Chapter 13

Unable to find the words, Jake gave up and kissed her.

Eve whispered, “I guess we’ll have to do this more often,” as she traced the curve of his mouth with a fingertip.

He heard her words, and his heart leapt beneath his ribs-a primitive cognizance of danger. What had they done?

He lay back with a careful exhalation, bringing her with him, wrapped in his arms. Even now, with the return of full awareness and, he hoped, a measure of sanity, he still couldn’t bear to separate from her. But, oh, what had he done?

He couldn’t imagine what had possessed him to do such a thing. It was against all his training, his professional ethics, not to mention common sense. And yet…and yet. The tousled head tucked under his chin felt so good there. Her body, thinner than he remembered, seemed to fit the planes and hollows of his own as if it were meant to be a part of it-like the yin to his yang, or the missing piece of a puzzle he’d been looking for all his life. Had he ever felt like this before? If he had, he’d surely have remembered it. What did it mean?

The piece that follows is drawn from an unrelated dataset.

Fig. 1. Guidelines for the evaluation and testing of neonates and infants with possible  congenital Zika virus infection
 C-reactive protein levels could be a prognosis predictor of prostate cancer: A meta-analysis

That question he had no answer to.

One thing he did know: the thought of sending this woman back to Cisneros made him sick to his stomach.

“Jake?” Eve raised herself on one elbow to look down at him. Her eyes had a misty, worried look, and he remembered belatedly the postcoital vulnerability of women. “You’re already regretting this, aren’t you?”

He reached up to touch her face with what he hoped was reassurance. “Yes…and no.” He looked at her for a long time, thinking how complicated it was, wondering if he’d ever be able to explain so she’d understand. He was filled with regrets, he ached with regrets…about all the years he’d spent without knowing her, what his life might have been like if he’d met her twenty years ago, the fact that he couldn’t wrap her up and take her home with him and keep her safe, make love with her every night and wake to her laughter every morning. How lonely that apartment of his was going to seem, how empty his bed, after this.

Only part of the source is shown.